In an oscilloscope, sampling takes place in an analog-to-digital converter (ADC). There is one of these for each channel. The process can be easily demonstrated by considering a video camera. The action in real life corresponds to the electrical signal that is fed into an analog channel input in an oscilloscope. The video camera, corresponding to the ADC, takes a series of still shots at a steady, predetermined rate (frames per second). It is essential — if the action is not to be slowed down or speeded up — that the sampling rate remains the same during theater viewing. The periodic nature of the sampling process gives rise to extreme instances of aliasing when the original signal is also periodic, as in an image of a picket fence with uniformly spaced vertical lines.
The Fourier Transform characterizes signals by their frequency content. An aliasing problem during a Fourier transform measurement can render the signal unintelligible because some of the high-frequency information about the signal will be lost. On the contrary, if the bandwidth of the original signal is limited, or if it can be intentionally reduced by the oscilloscope user, the sampling rate rises and the function of interest, now not subject to aliasing, can be rendered correctly.

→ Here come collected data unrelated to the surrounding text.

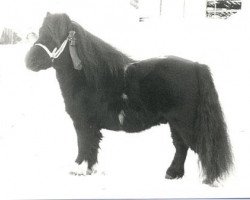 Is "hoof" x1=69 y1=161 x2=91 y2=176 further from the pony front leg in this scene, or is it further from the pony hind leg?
the pony hind leg

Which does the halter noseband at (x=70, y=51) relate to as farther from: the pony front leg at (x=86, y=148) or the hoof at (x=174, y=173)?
the hoof at (x=174, y=173)

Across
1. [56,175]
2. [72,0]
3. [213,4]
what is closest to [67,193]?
[56,175]

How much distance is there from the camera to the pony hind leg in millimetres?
1909

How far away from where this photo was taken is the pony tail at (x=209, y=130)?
1.82 m

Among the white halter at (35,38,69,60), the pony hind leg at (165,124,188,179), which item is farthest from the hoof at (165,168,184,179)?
the white halter at (35,38,69,60)

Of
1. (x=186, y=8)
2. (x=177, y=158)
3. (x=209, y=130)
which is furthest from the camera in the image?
(x=186, y=8)

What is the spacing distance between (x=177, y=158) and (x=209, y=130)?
214mm

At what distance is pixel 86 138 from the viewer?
1884mm

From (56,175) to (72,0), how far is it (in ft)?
2.74

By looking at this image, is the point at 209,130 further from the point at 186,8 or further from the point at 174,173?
the point at 186,8

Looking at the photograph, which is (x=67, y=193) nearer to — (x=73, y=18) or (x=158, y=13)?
(x=73, y=18)

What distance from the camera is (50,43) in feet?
6.07

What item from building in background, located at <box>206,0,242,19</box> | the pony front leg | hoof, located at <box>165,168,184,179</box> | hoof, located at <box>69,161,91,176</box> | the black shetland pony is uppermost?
building in background, located at <box>206,0,242,19</box>

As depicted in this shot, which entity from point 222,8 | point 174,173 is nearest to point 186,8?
point 222,8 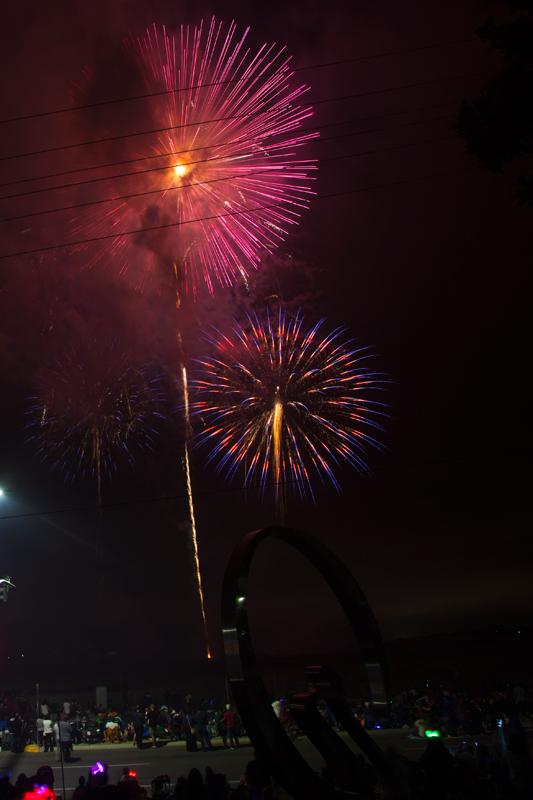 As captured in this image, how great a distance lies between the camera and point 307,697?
839cm

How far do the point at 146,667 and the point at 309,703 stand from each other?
9332 cm

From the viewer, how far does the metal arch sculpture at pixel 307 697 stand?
25.4 feet

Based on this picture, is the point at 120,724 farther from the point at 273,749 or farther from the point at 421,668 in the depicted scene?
the point at 421,668

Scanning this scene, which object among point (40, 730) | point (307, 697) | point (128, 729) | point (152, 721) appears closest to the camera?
point (307, 697)

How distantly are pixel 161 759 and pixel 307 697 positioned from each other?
16011mm

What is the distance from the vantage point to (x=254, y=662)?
8516mm

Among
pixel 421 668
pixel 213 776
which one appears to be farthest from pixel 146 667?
pixel 213 776

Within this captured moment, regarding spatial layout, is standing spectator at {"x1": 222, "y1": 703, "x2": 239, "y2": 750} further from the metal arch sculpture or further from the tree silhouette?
the tree silhouette

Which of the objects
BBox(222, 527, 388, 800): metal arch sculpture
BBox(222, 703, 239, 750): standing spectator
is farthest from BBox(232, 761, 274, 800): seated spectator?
BBox(222, 703, 239, 750): standing spectator

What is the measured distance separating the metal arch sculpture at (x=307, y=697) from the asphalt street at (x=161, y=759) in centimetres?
839

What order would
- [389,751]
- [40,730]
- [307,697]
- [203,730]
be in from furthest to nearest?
[40,730], [203,730], [307,697], [389,751]

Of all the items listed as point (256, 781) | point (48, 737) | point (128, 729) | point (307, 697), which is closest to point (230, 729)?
point (128, 729)

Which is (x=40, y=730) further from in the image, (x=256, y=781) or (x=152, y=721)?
(x=256, y=781)

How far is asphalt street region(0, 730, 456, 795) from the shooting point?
18.7 metres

DAC (digital/analog conversion) can be a source of severe distortion. Indeed, DAC is more difficult to understand than ADC. There are three major parameters: resolution, accuracy (which is not the same) and maximum number of samples that will be required for any conversion. DACs are generally constructed as integrated circuits, in which form they are more user-friendly and less prone to error. However, discrete-component DACs are common in oscilloscopes and other test equipment where high-end sampling is an essential requirement.
A DAC conversion process uses a reconstruction filter to insert continuously varying streams of data between discrete digitized points, so as to paint a realistic analog picture. The aspiration is a smoothly varying signal that is compatible with screen technology and also with human perception.
Because the DAC reintroduces into its output a series of rectangular pulses, there are certain to be harmonics in the output higher than the Nyquist frequency. Where they would negatively impact the finished analog product, a low-pass filter must be placed in adjacent circuitry.
Aliasing is one of a not excessive number of disadvantages of digital compared to analog transmission. Digital communication may be more difficult to understand, but it has distinct advantages as an intermediate step in analog selectivity and processing. While digital must eventually be converted back to the analog domain, as we have seen this transformation can be accomplished within an integrated circuit.